**ASSIGNMENT:** In the entries that follow, find the line containing "2004-roadtec-sb2500c-image-1"; from there, copy every line exactly through the line containing "निजी विद्यालयों में".

**DATA UNDER STUDY:**

Content starts

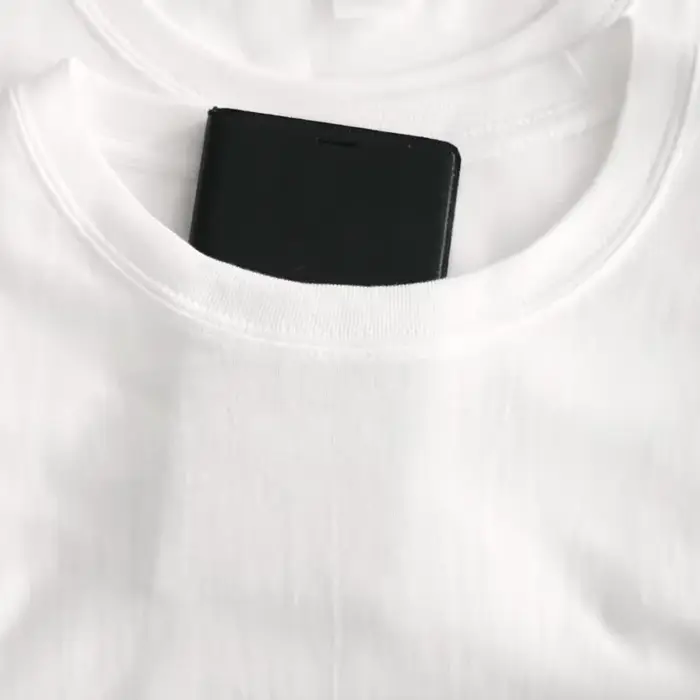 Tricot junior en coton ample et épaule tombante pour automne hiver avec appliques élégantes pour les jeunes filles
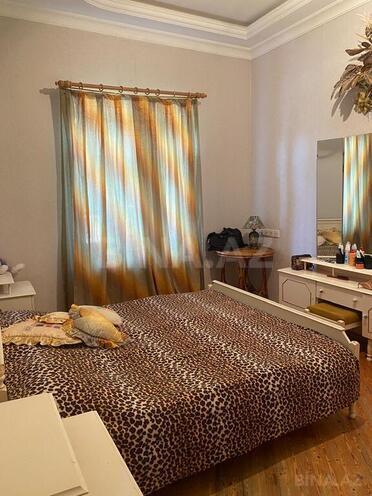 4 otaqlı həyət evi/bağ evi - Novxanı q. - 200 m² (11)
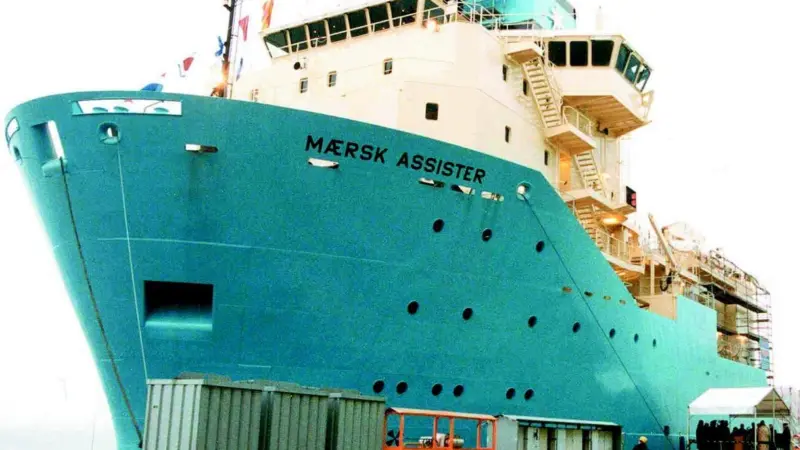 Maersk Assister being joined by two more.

Content ends
Content starts

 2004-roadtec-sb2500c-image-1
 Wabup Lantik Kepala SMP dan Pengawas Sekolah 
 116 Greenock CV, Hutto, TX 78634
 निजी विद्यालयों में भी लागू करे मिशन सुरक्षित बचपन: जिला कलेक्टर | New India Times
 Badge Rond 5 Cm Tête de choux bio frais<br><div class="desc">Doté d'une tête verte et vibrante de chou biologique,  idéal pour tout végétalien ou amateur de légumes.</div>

Content ends

**COMPLETED TASK:**
 2004-roadtec-sb2500c-image-1
 Wabup Lantik Kepala SMP dan Pengawas Sekolah 
 116 Greenock CV, Hutto, TX 78634
 निजी विद्यालयों में भी लागू करे मिशन सुरक्षित बचपन: जिला कलेक्टर | New India Times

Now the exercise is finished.